In this notebook, we are going to take the original tutor log data at transaction level and stamp it with additional columns on whether the teacher is detected to be stopping beside the student at that moment. 

In [9]:
# python setup 
import pandas as pd 
import numpy as np 
import tutorDataAPI as tutorAPI
import stop_detection as sDetec

# 1. Loading data from files

Load teacher position data from corresponding file: 

In [10]:
positionDF = pd.read_csv("output_files/teacher_position_sprint1_shou.csv", 
                         index_col=False) 

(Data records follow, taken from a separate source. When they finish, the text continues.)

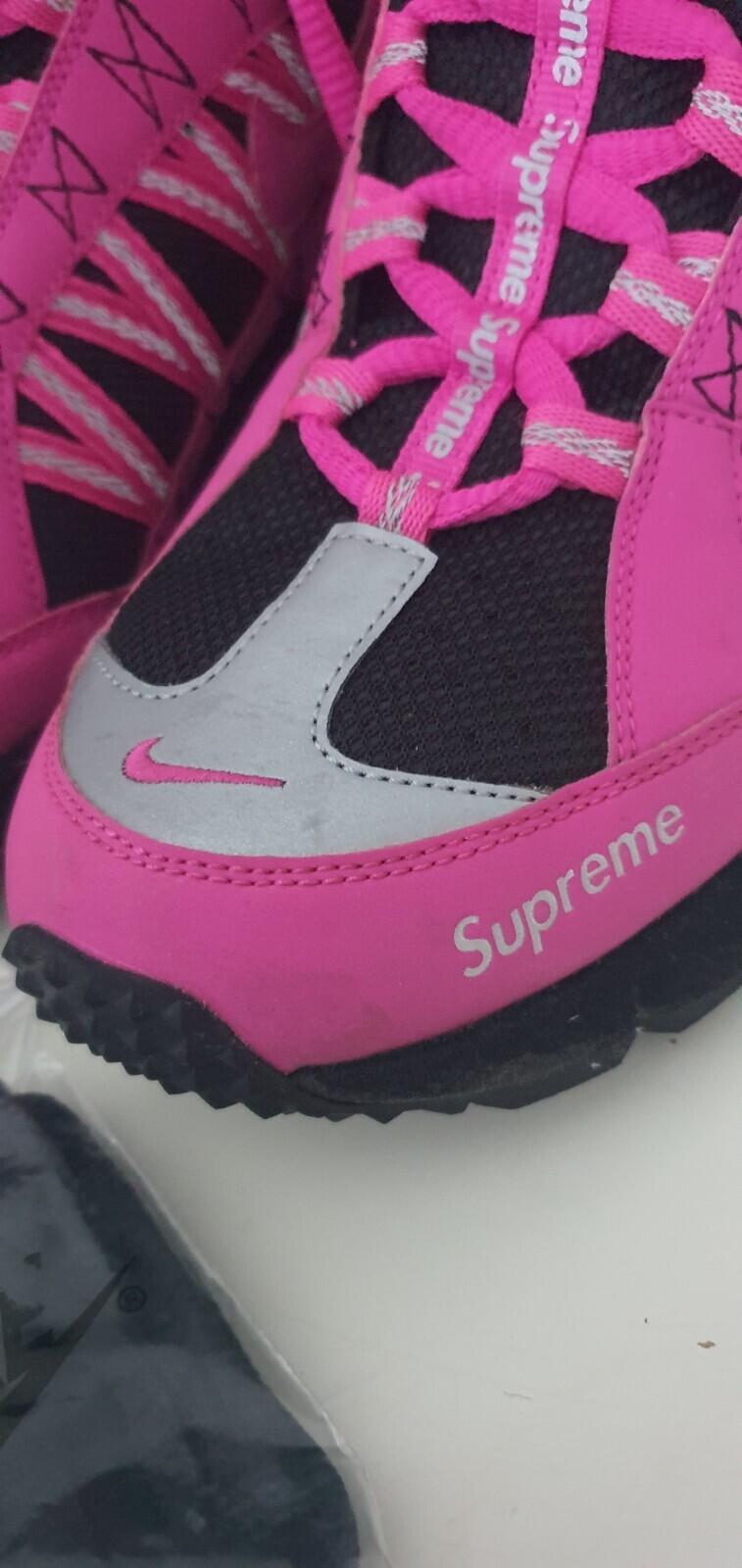 FW17 Supreme x Nike Air Humara '17 trainers Fire Pink US 11 UK 10  EU 45 lot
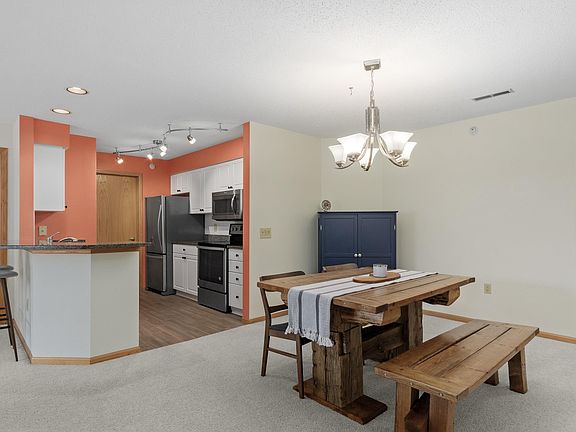 5th image of 8510 Greenway Blvd Unit 207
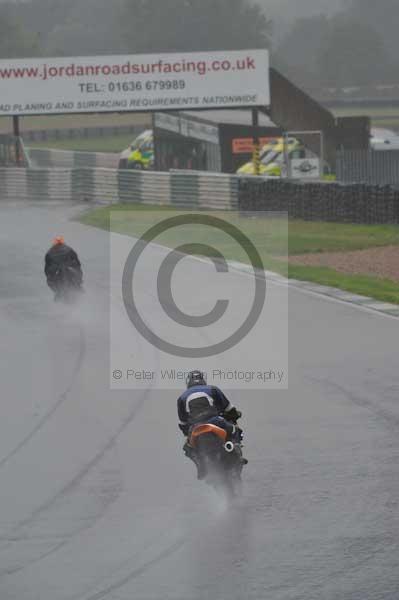 Mallory park Leicestershire;Mallory park photographs;Motorcycle action photographs;event digital images;eventdigitalimages;mallory park;no limits trackday;peter wileman photography;trackday;trackday digital images;trackday photos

startTime = min(positionDF["time_stamp"])
endTime = max(positionDF["time_stamp"]) 

Read in the transaction level tutor log data: 

In [11]:
tutorLogDF = tutorAPI.getAnnotatedTutorLogDF("raw data/tutor_log.tsv", 
                                             startTimestamp=startTime, 
                                             endTimestamp=endTime) 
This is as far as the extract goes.